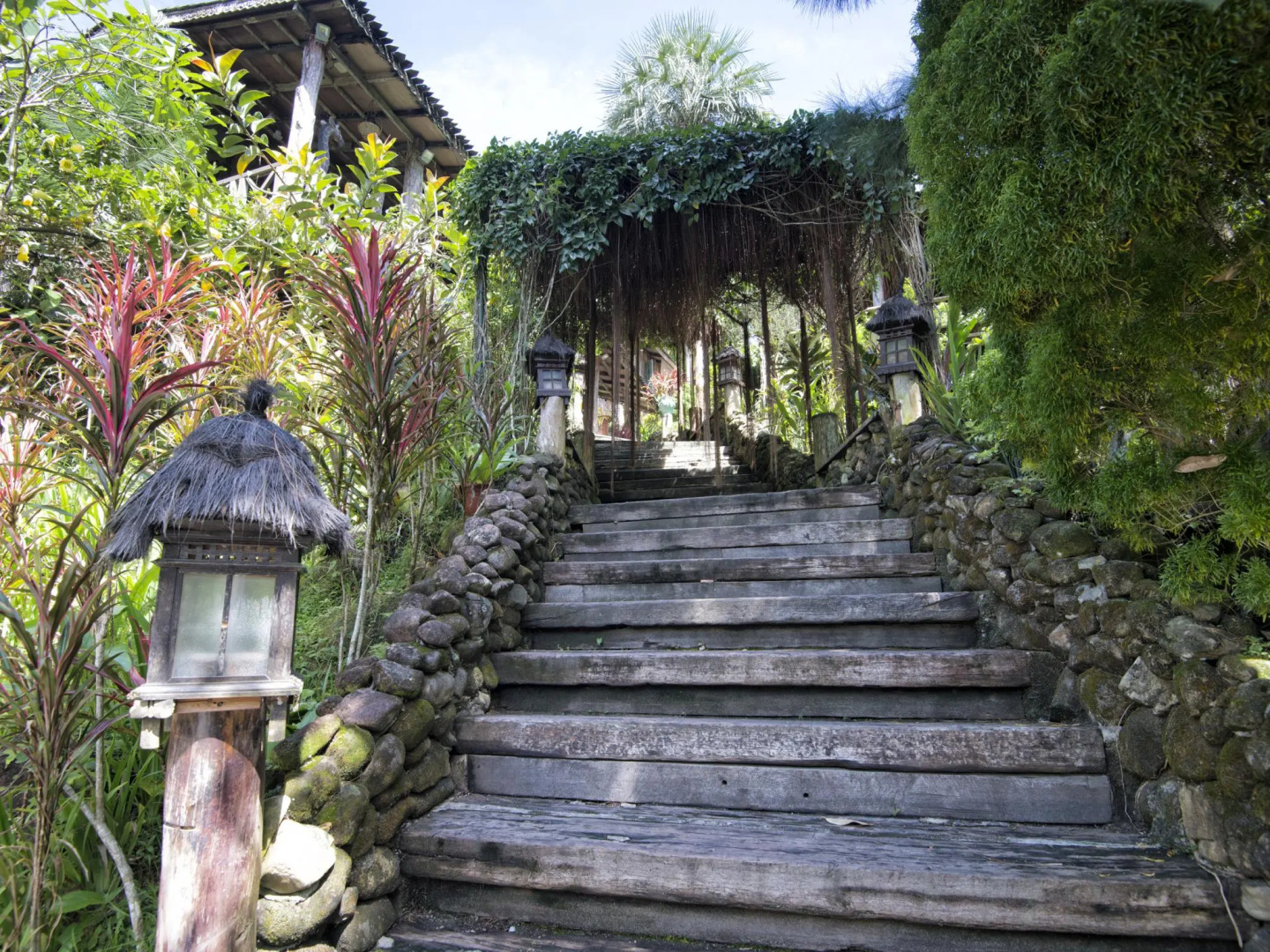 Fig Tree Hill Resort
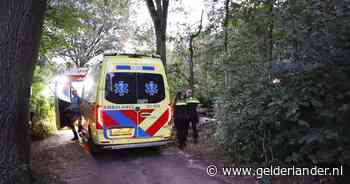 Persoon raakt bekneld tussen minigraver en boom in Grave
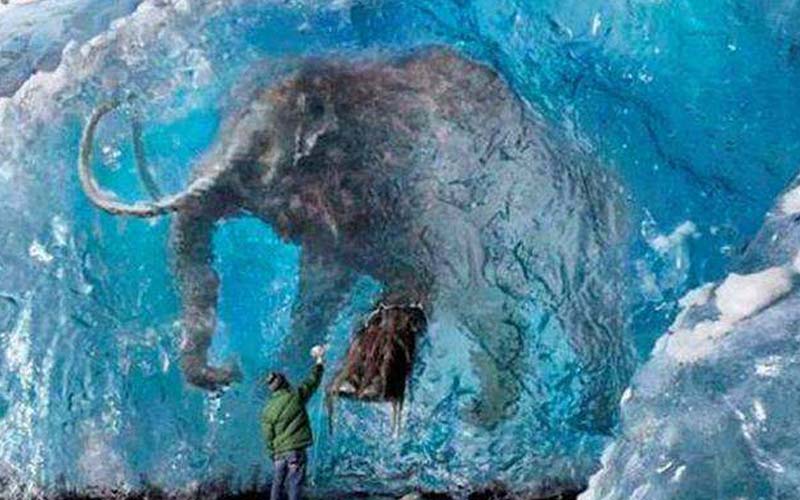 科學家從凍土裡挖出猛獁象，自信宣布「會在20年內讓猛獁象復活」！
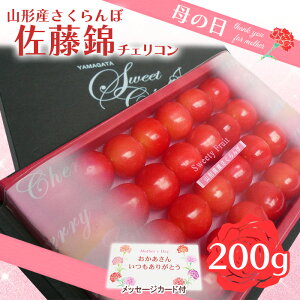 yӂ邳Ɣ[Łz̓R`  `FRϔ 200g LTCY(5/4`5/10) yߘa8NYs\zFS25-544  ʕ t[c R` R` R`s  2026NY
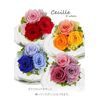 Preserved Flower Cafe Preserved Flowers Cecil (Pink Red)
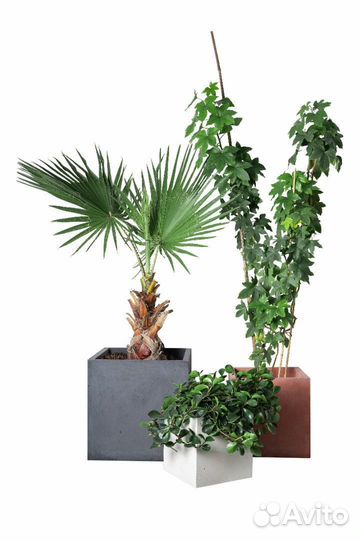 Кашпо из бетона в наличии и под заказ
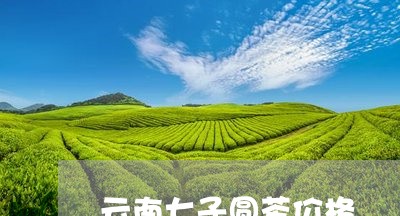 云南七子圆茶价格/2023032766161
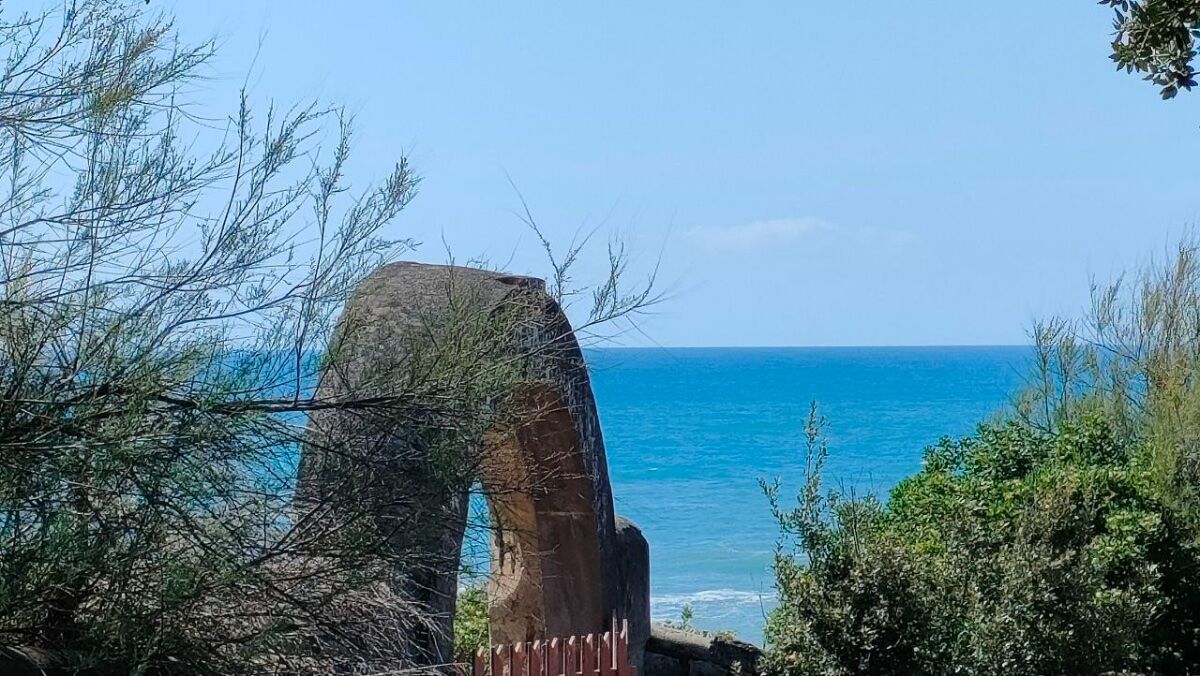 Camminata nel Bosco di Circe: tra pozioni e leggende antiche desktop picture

━━━━━━━━━━━━━━━━━━━━

> WHAT IS REQUIRED
Could you set down word for word each line from the one holding "Кашпо из бетона в наличии и под заказ" through the end of the material above, without any pictures?

> SOLVED EXERCISE
 Кашпо из бетона в наличии и под заказ
 云南七子圆茶价格/2023032766161
 Camminata nel Bosco di Circe: tra pozioni e leggende antiche desktop picture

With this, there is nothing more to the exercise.